• **Exercise objective**
All that is wanted is the lines from the first line of the listing below through the line containing "Fish Tank Aquarium", written out exactly with pictures left out.

• **Data shown**
=== Section Start ===
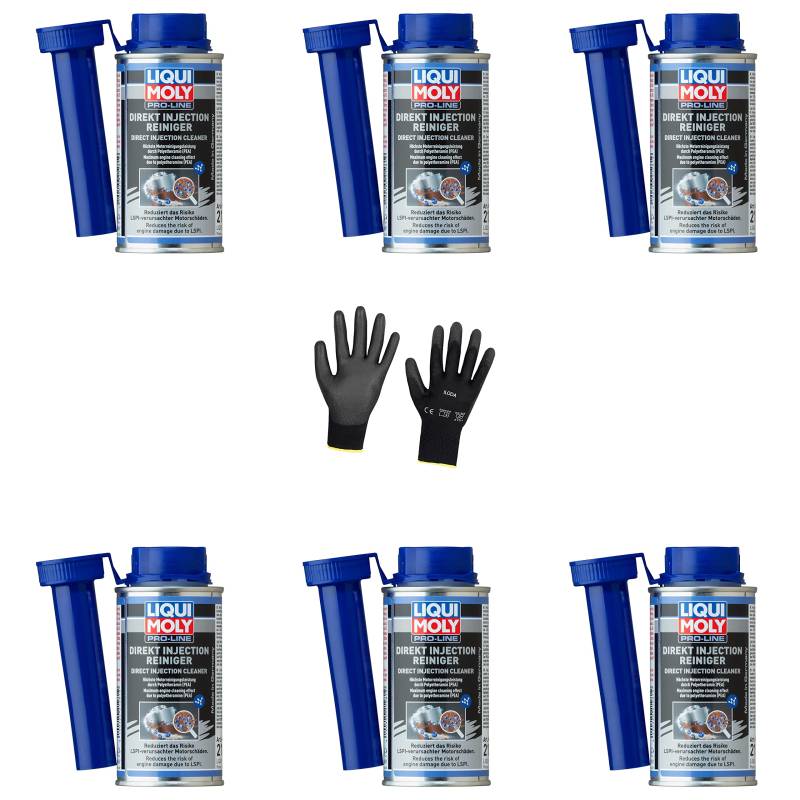 Iloda 6xOriginal Liqui Moly 120ml Pro-Line Direkt Injection Reiniger Cleaner 21281 Schutzhandschuhe von Iloda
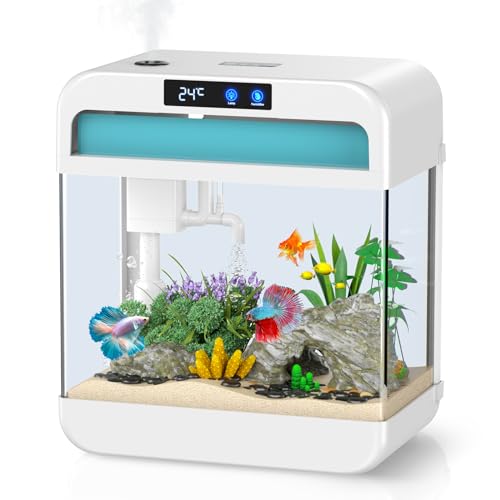 Fish Tank Aquarium 2.2 Gallon with Humidifier 7 Color Auto-Looping Light Self Cleaning 3 in 1 Pump with Filteration & Oxygenation & Circulation, Temperature Display, HD Float Glass, Thickened Base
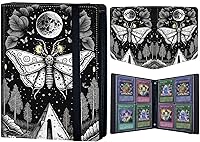 Vista 23 de Carpeta para tarjetas coleccionables de 4 bolsillos, 160 tarjetas, libro con banda elástica que se adapta a la mayoría de tarjetas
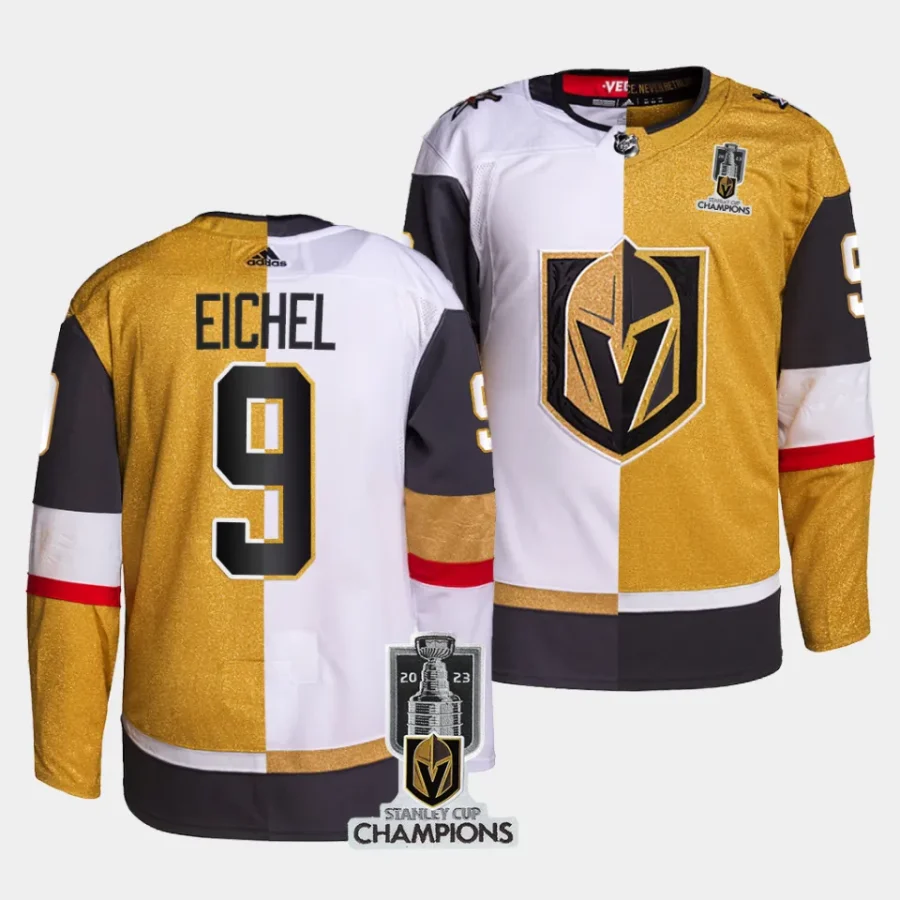 jack eichel vgk white gold 2023 stanley cup champions split jersey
=== Section End ===
• **Solved problem**
 Iloda 6xOriginal Liqui Moly 120ml Pro-Line Direkt Injection Reiniger Cleaner 21281 Schutzhandschuhe von Iloda
 Fish Tank Aquarium 2.2 Gallon with Humidifier 7 Color Auto-Looping Light Self Cleaning 3 in 1 Pump with Filteration & Oxygenation & Circulation, Temperature Display, HD Float Glass, Thickened Base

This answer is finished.